Can you print the data exactly and leave out each image?
MATERIAL SHOWN: Begin
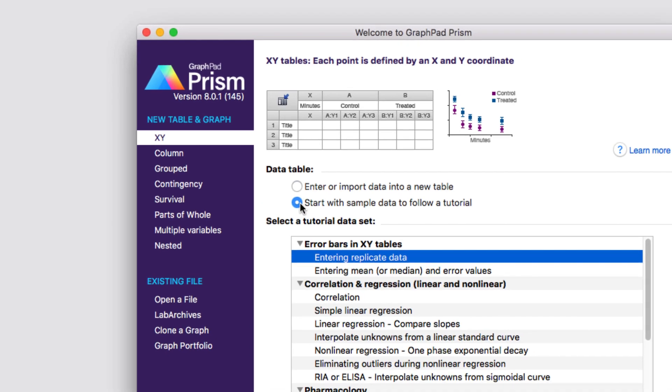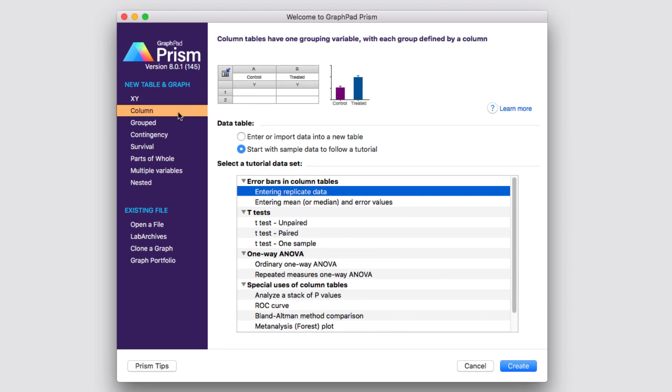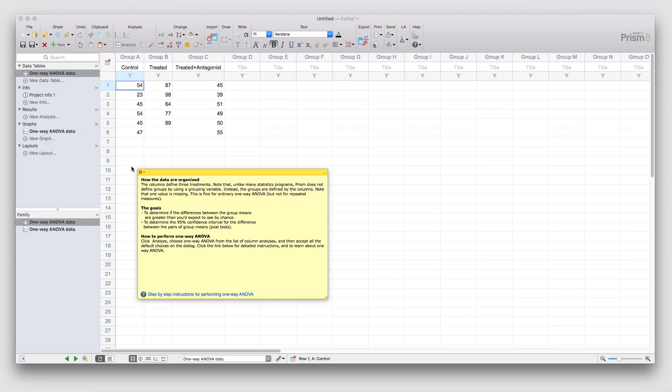We're going to start by using the tutorial data set for an ordinary one-way ANOVA under the column data table. Clicking create brings up the project file and shows you the tutorial data. However, like other tutorial data sets, this only shows you the data. You'll still need to perform the analysis yourself so you can learn how to better navigate Prism.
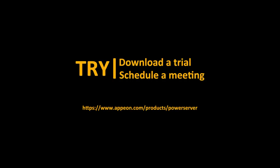So to try PowerBuilder and PowerServer 2021, go to the Appian webpage, appian.com/product/PowerServer, and download a trial or schedule a meeting with one of our knowledgeable sales personnel. Thanks for watching.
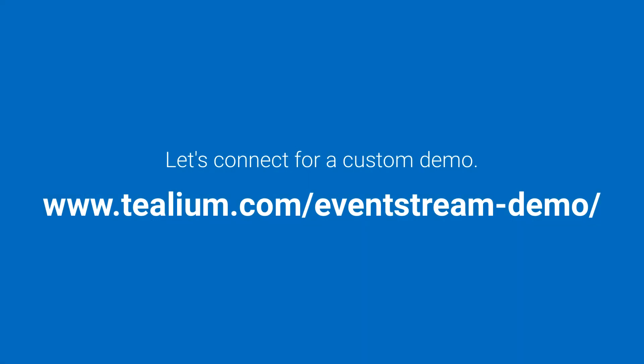Thanks for taking a look at Telium's API Hub EventStream. If you'd like your own personalized walkthrough, please request a demo today at telium.com slash event stream dash demo.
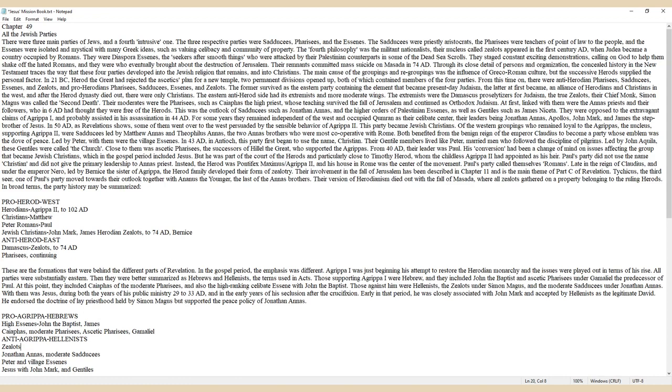Led by Matthew Annas and Theophilus Annas, the two Annas brothers who were most cooperative with Rome, both benefited from the benign reign of the Emperor Claudius to become a party whose emblem was the Dove of Peace.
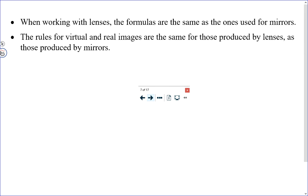It's important to note that when the real image is produced by a mirror, the image is on the same side of the mirror as the object, because the light has to reflect off the mirror to get to the screen. Whereas when you produce a real image with a lens, the image is on the opposite side of the optical device, because a lens produces an image by having light go through it while it refracts.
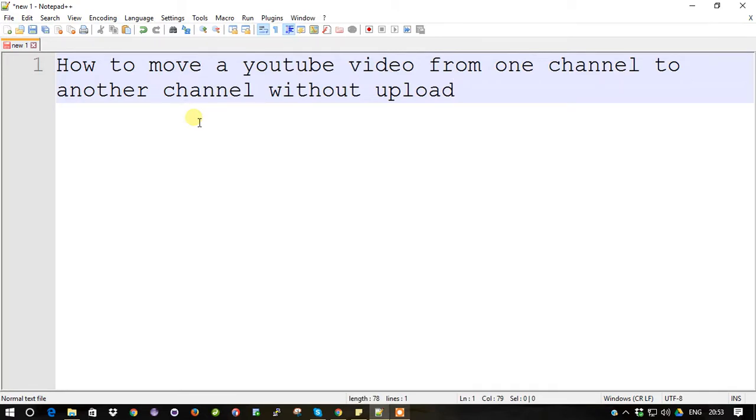This is a time-taking process which we don't need to do actually. We do have options to upload your video into another channel without manual process. So that's what we are going to see now.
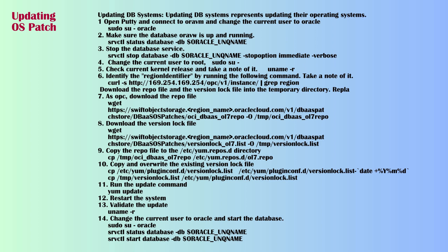Step 10: Change the current user to root then obtain the current release and verify that the OS is updated. Step 11: Change the current user to Oracle and start the database using SRVCTL status database command.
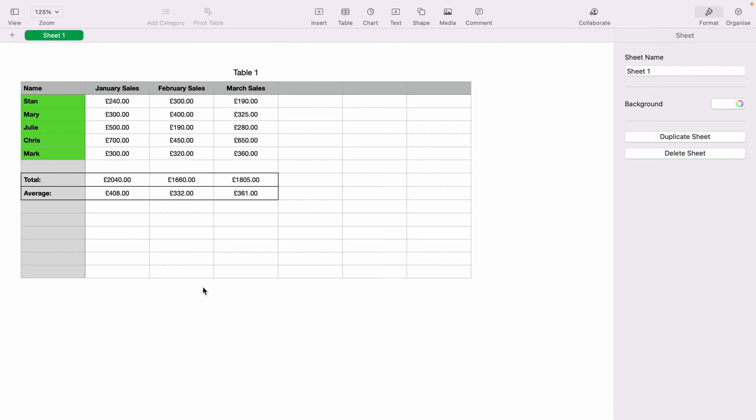In today's Apple Numbers spreadsheet demonstration, I'm going to show you how to make a pie chart within Numbers. So here we have a very basic sales spreadsheet. I want to make a pie chart out of all this data.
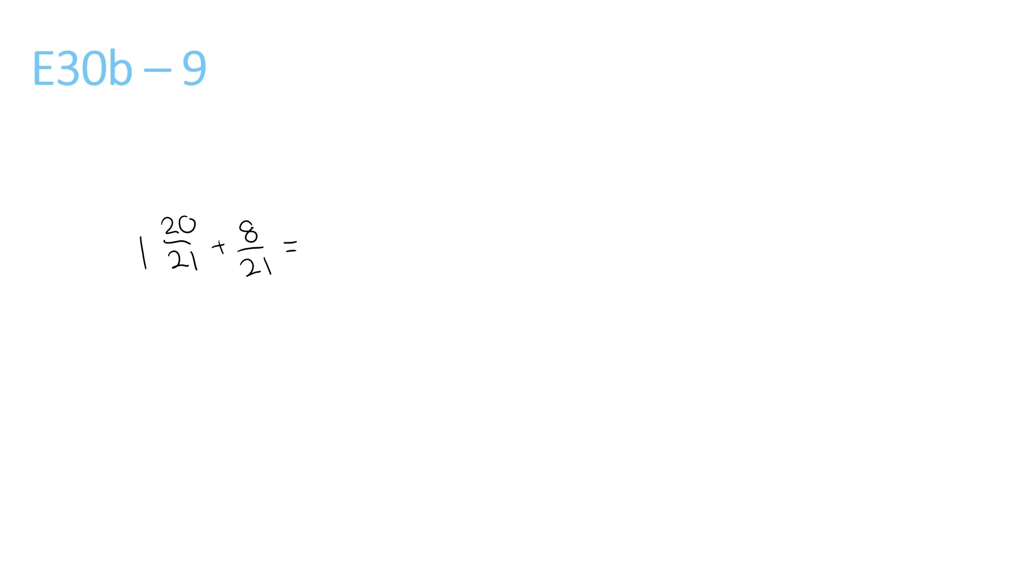This one here, add the front numbers, and that's just 1. Now 20 plus 8 is 28, over 21. Now since 28 is bigger than 21, and it's at the top, we need to take it out. 21 goes into 28 once, remainder 7 over 21.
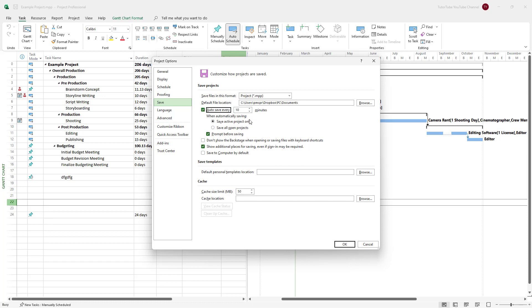By default, you can see it's 10 minutes and it'll save only the active projects, but you can also save all the open projects so you don't have to worry about projects running in the background. You'll even get a prompt before saving.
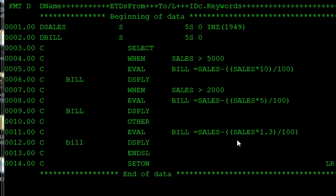The SELECT statement contains SELECT, WHEN, and OTHER blocks. When the condition under WHEN is true, the statement along with it is executed; otherwise another statement is executed. If any condition is not true, then in that case the OTHER statement is executed.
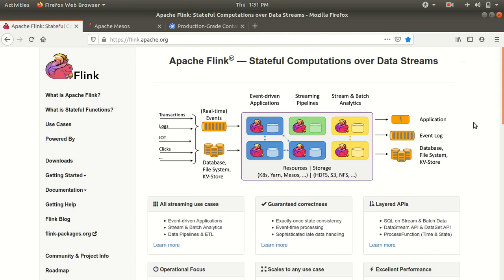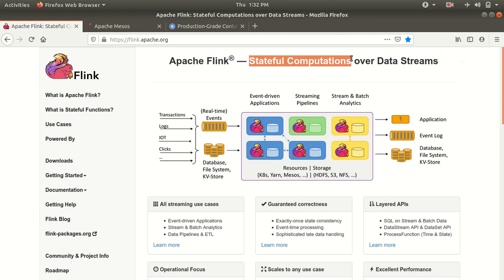The first thing I want to discuss is that Apache Flink is a true streaming framework. We can say it is an alternative to Apache Hadoop MapReduce, and it is considered to be 100 times faster than MapReduce. The formal definition says it's a framework for stateful computations over unbounded and bounded data streams.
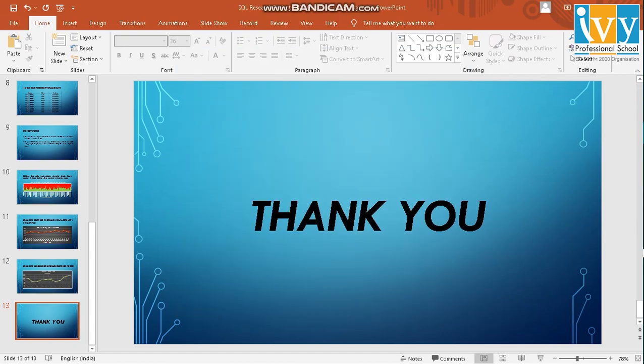Thank you guys. I had a really fun time explaining to you about the gold prices and its effect. Thank you.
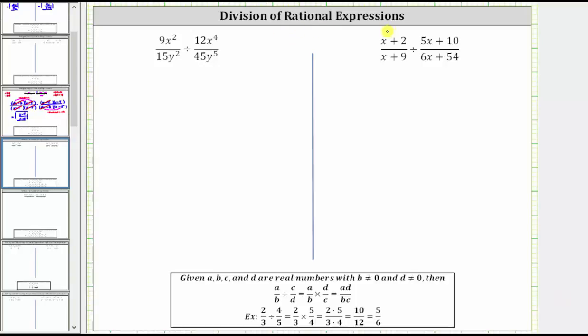We're asked to divide the given rational expressions. The first step is to write an equivalent multiplication problem for each quotient.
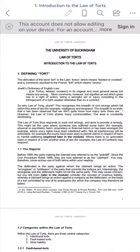I'll click open and you'll see that I have already opened up my Law of Torts handout. I haven't signed into my account yet, just for the purposes of this video. I've opened the document up.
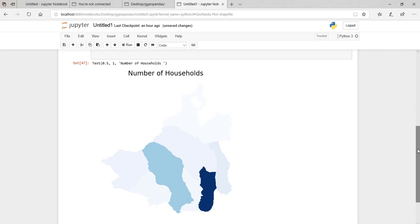This is just an introduction to GeoPandas. Don't forget to subscribe to this channel — see you soon!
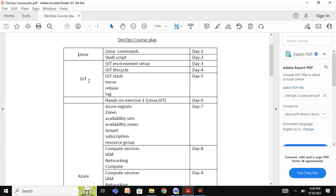Then we will move on to Git, the version control system. In Git, we will learn from basics to advanced — starting from writing and committing code, and managing branches. We will discuss branching strategies like trunk-based branching and different branching strategies followed in organizations.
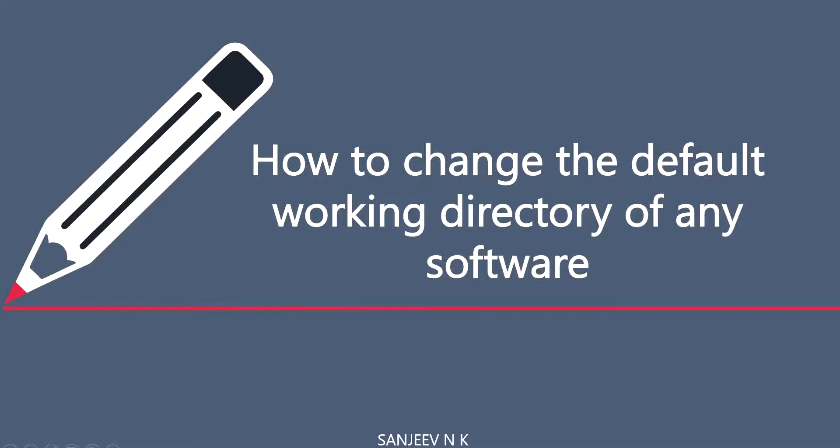Hello, welcome to my channel. My name is Sanjeev. In this video, I'd like to show how to change the default working directory of any software.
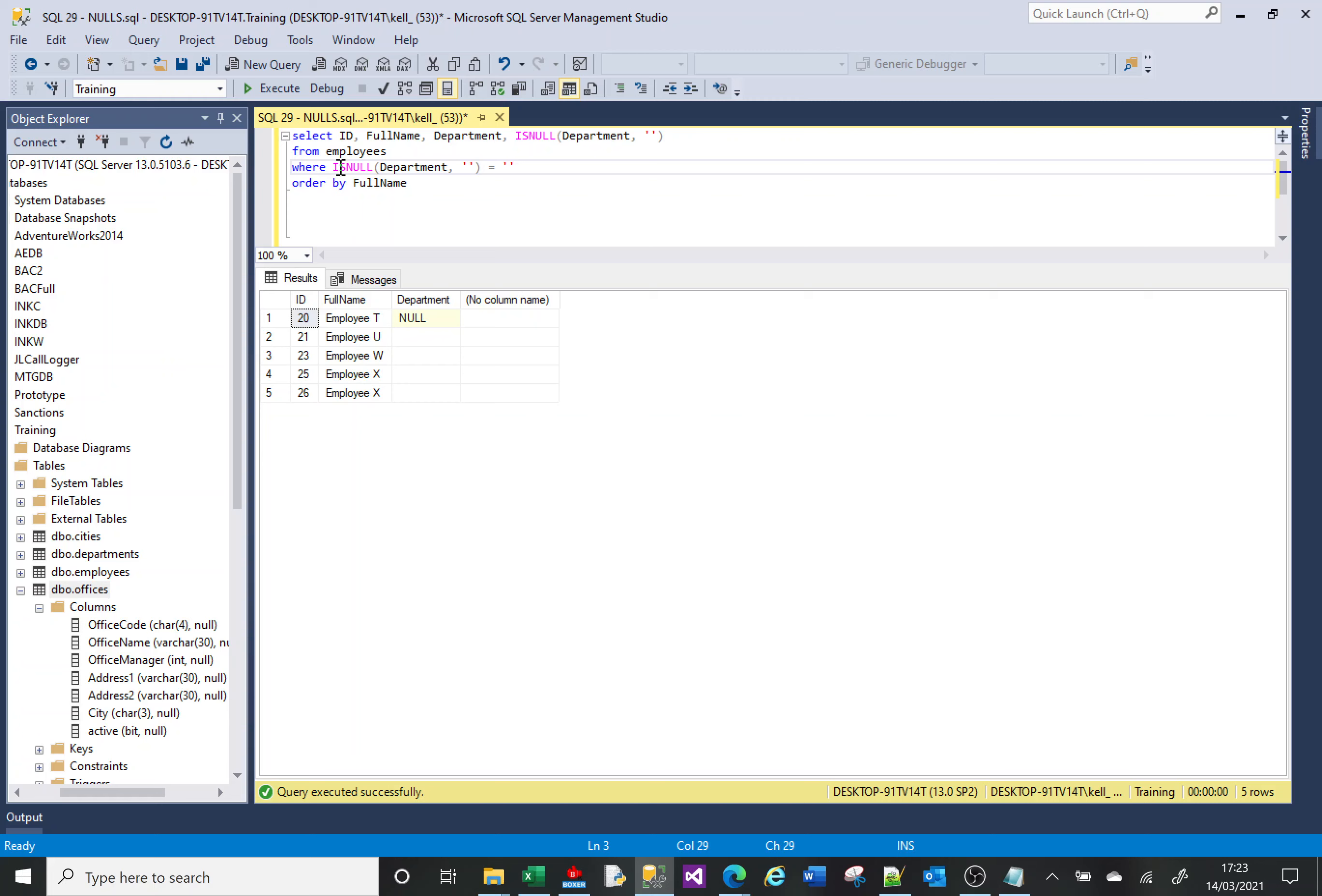So to try and explain that, what that's doing is as part of this function, it's changing the value here if it finds a NULL to be an empty string.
MATERIAL SHOWN: End
## FINISHED EXERCISE
We're going to start by using the tutorial data set for an ordinary one-way ANOVA under the column data table. Clicking create brings up the project file and shows you the tutorial data. However, like other tutorial data sets, this only shows you the data. You'll still need to perform the analysis yourself so you can learn how to better navigate Prism.
So to try PowerBuilder and PowerServer 2021, go to the Appian webpage, appian.com/product/PowerServer, and download a trial or schedule a meeting with one of our knowledgeable sales personnel. Thanks for watching.
Thanks for taking a look at Telium's API Hub EventStream. If you'd like your own personalized walkthrough, please request a demo today at telium.com slash event stream dash demo.
Led by Matthew Annas and Theophilus Annas, the two Annas brothers who were most cooperative with Rome, both benefited from the benign reign of the Emperor Claudius to become a party whose emblem was the Dove of Peace.
It's important to note that when the real image is produced by a mirror, the image is on the same side of the mirror as the object, because the light has to reflect off the mirror to get to the screen. Whereas when you produce a real image with a lens, the image is on the opposite side of the optical device, because a lens produces an image by having light go through it while it refracts.
This is a time-taking process which we don't need to do actually. We do have options to upload your video into another channel without manual process. So that's what we are going to see now.
Step 10: Change the current user to root then obtain the current release and verify that the OS is updated. Step 11: Change the current user to Oracle and start the database using SRVCTL status database command.
In today's Apple Numbers spreadsheet demonstration, I'm going to show you how to make a pie chart within Numbers. So here we have a very basic sales spreadsheet. I want to make a pie chart out of all this data.
This one here, add the front numbers, and that's just 1. Now 20 plus 8 is 28, over 21. Now since 28 is bigger than 21, and it's at the top, we need to take it out. 21 goes into 28 once, remainder 7 over 21.
By default, you can see it's 10 minutes and it'll save only the active projects, but you can also save all the open projects so you don't have to worry about projects running in the background. You'll even get a prompt before saving.
The SELECT statement contains SELECT, WHEN, and OTHER blocks. When the condition under WHEN is true, the statement along with it is executed; otherwise another statement is executed. If any condition is not true, then in that case the OTHER statement is executed.
The first thing I want to discuss is that Apache Flink is a true streaming framework. We can say it is an alternative to Apache Hadoop MapReduce, and it is considered to be 100 times faster than MapReduce. The formal definition says it's a framework for stateful computations over unbounded and bounded data streams.
Thank you guys. I had a really fun time explaining to you about the gold prices and its effect. Thank you.
We're asked to divide the given rational expressions. The first step is to write an equivalent multiplication problem for each quotient.
I'll click open and you'll see that I have already opened up my Law of Torts handout. I haven't signed into my account yet, just for the purposes of this video. I've opened the document up.
This is just an introduction to GeoPandas. Don't forget to subscribe to this channel — see you soon!
Then we will move on to Git, the version control system. In Git, we will learn from basics to advanced — starting from writing and committing code, and managing branches. We will discuss branching strategies like trunk-based branching and different branching strategies followed in organizations.
Hello, welcome to my channel. My name is Sanjeev. In this video, I'd like to show how to change the default working directory of any software.
So to try and explain that, what that's doing is as part of this function, it's changing the value here if it finds a NULL to be an empty string.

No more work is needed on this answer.